There were security concerns, like the key being left on top of the door so that the host didn’t have to be there to receive anyone. The key was accessible to everyone, though if the host continues to keep it there I am assuming nothing must have happened until now. I didn’t really like that it meant even the maid had access to come in anytime; I needed to know if my own stuff was safe if I decided to leave it behind. Luckily the maid had come by the time I got ready to go out around 3:00 or 4:00 PM and had been asked to not go into my room. She agreed.

There was wifi, hot water in the bathroom, and sufficient space in the guest’s room. What was missing was a proper bed instead of a mattress, a chair, and a table so there was some place for people to relax and to keep their stuff. Not everything can be done lying down or sitting on a mattress at such a low level.

I came back around 10:00 PM and the host returned about an hour later, knocking on the door. I replied and he opened the door and asked if everything was okay several times, so often that I got tired of answering. Then I mistook a bottle of water for alcohol and he said “Why would I keep alcohol just lying around when I have a bar in my cupboard?”
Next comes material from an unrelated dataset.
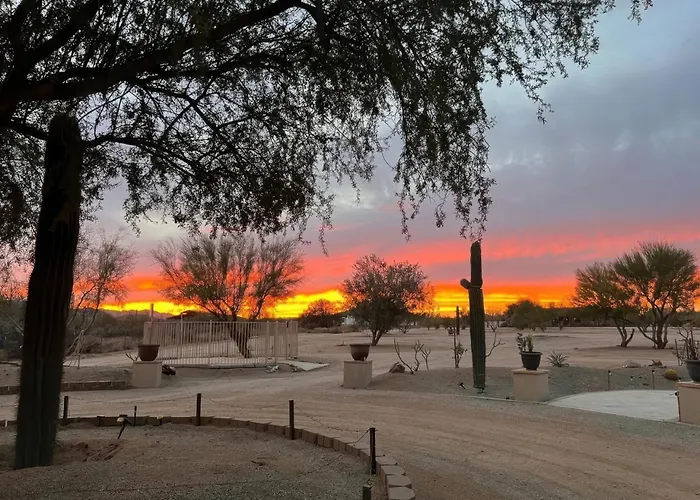 4br Ranch W Four Peaks Views Fireplace Hot Tub Holiday home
I didn’t know what to answer to that. He asked if I wanted to see it so I just said okay. He asked if I wanted something after revealing his collection to me. I said, “Okay, if it’s okay with you.”

He asked what does that mean and I said, “It’s your alcohol so…”

He said, “Yes, you can have some.”

I know how expensive alcohol can be so I didn’t know if it was okay to ask for some from someone living in a tiny two-bedroom apartment with minimal furniture renting one of the rooms to Airbnb guests. But he seemed more than enthusiastic to show off his Honey Jack Daniels talking about how expensive it is, how he buys them from Abu Dhabi, and how he really wanted me to feel the “luxury” of this drink with every sip.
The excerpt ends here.